Я шла к дому, напевая молитву. Сердце мое было разбито.
XXI
Однажды утром, через три дня после встречи с Иудой, мне привиделся лист финиковый пальмы. Сон ли это был? Я села в кровати, подушки свалились на пол. Лист тянулся ко мне скрюченными, деформированными черно-зелеными пальцами. Я никак не могла выбросить его из головы.
Поднялся ветер, скоро должны были зарядить дожди. О крышу стукнулась лестница. Во дворе гремели сковородками.
Было еще рано, когда кто-то забарабанил в парадную дверь, словно явился по неотложному делу. Выскользнув из комнаты, я перегнулась через перила и увидела отца, торопливо пересекающего вестибюль. Мать вышла на балкон и встала рядом со мной. Поднялась тяжелая щеколда, застонала кедровая дверь, а потом я услышала голос отца:
— Нафанаил, из-за чего такой переполох?
Мать повернулась ко мне, словно визит был затеян ради меня:
— Ступай приведи волосы в порядок.
Я и ухом не повела.
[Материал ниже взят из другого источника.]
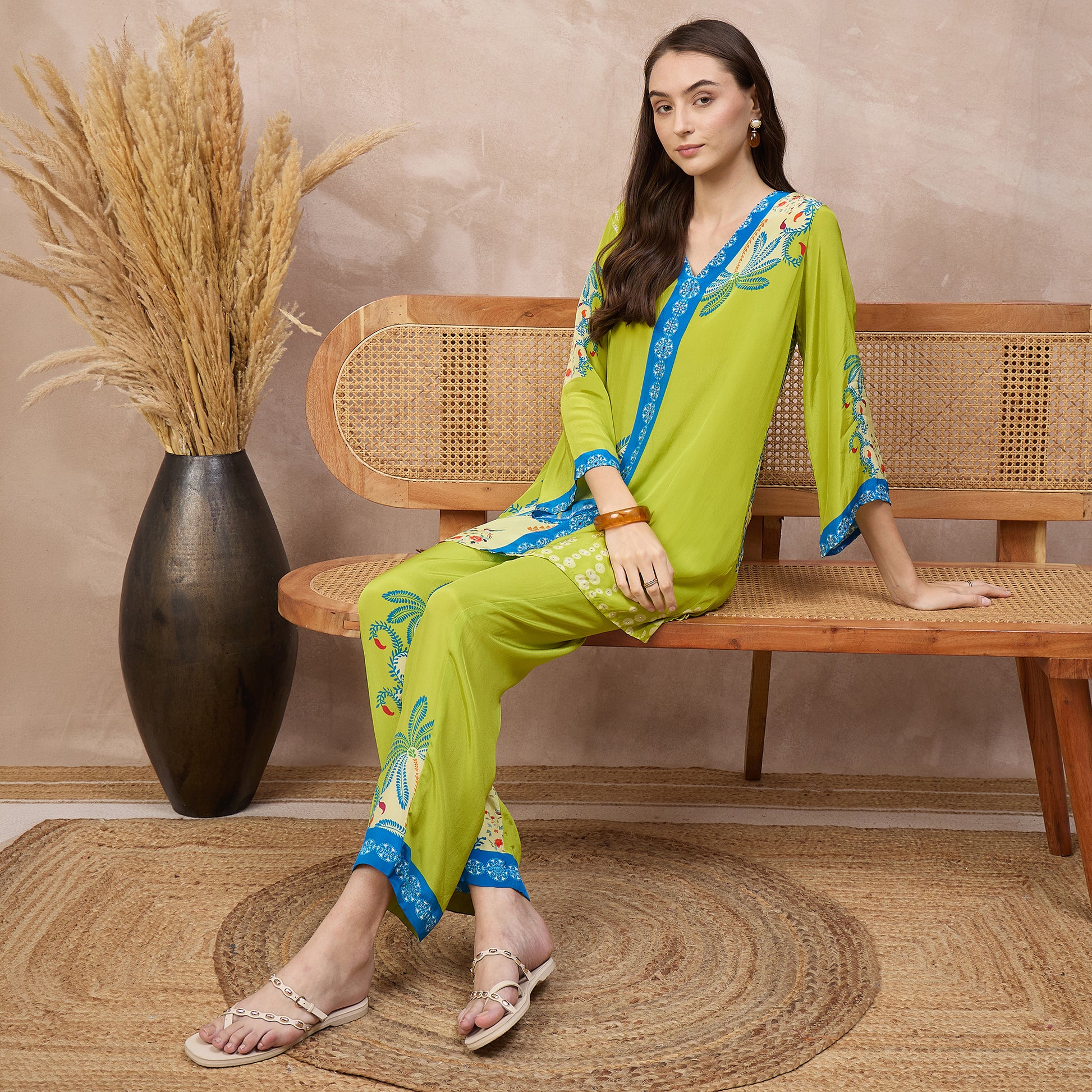 Lime Green Floral Print Top for Women – Viscose Crepe – Close Up | First Resort by Ramola Bachchan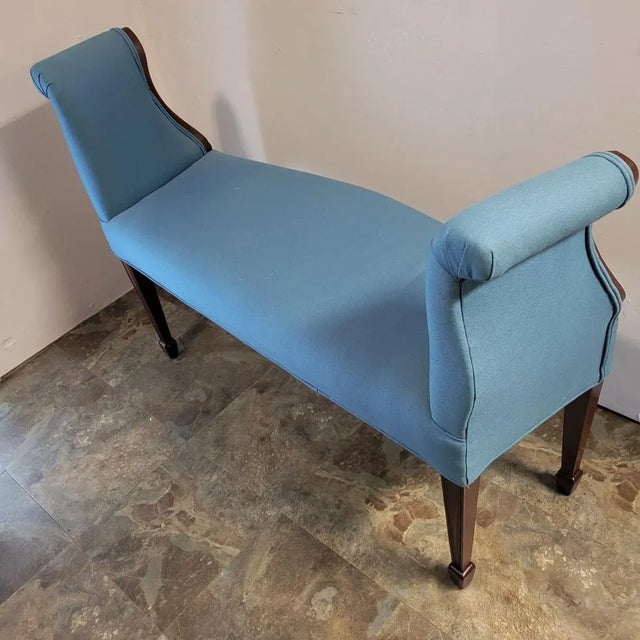 Henredon 20th C Federal Style Mahogany Upholstered Rolled Arm Bench For Sale - Image 4 of 8
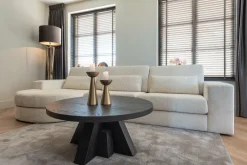 Richmond Interiors Bank Felix 2.5 seats + lounge rechts rond white chenille (Bergen 900 white chenille)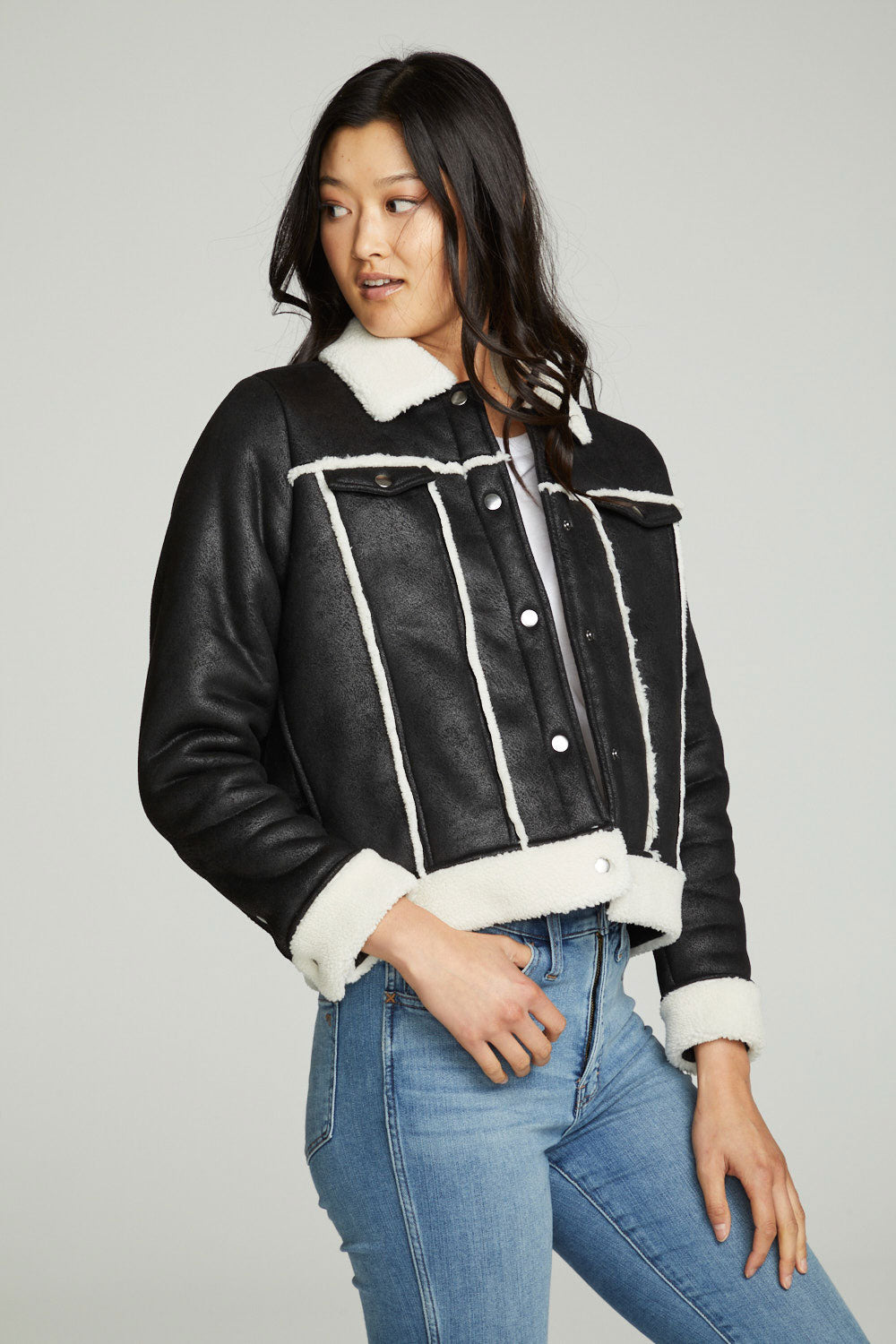 Shearling Trucker Jacket WOMENS chaserbrand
Если мой нареченный желает меня видеть, постараюсь выглядеть хуже некуда.
Нафанаил с побитым видом тяжело зашагал к атриуму. Он был без головного убора, роскошная одежда выглядела потрепанной и грязной. Нафанаил метал гневные взгляды по сторонам. Состояние его было столь странным, что мать ахнула. Отец поплелся за ним.
Бен-Ханания обернулся и поманил кого-то у себя за спиной, и меня накрыло предчувствие надвигающейся катастрофы. Я словно была птицей, к которой несется камень, выпущенный из пращи. Теперь мне удалось как следует рассмотреть спутника Нафанаила. Судя по одежде, это был работник. Он нес в руках ветку финиковой пальмы, обугленную до такой степени, что от нее отваливались куски. Он швырнул ее к ногам отца. Ветка со стуком приземлилась, осыпая каменные плиты дождем черного пепла. К балкону поплыл запах дыма.
«Что бы ни случилось, это дело рук Иуды», — подумала я.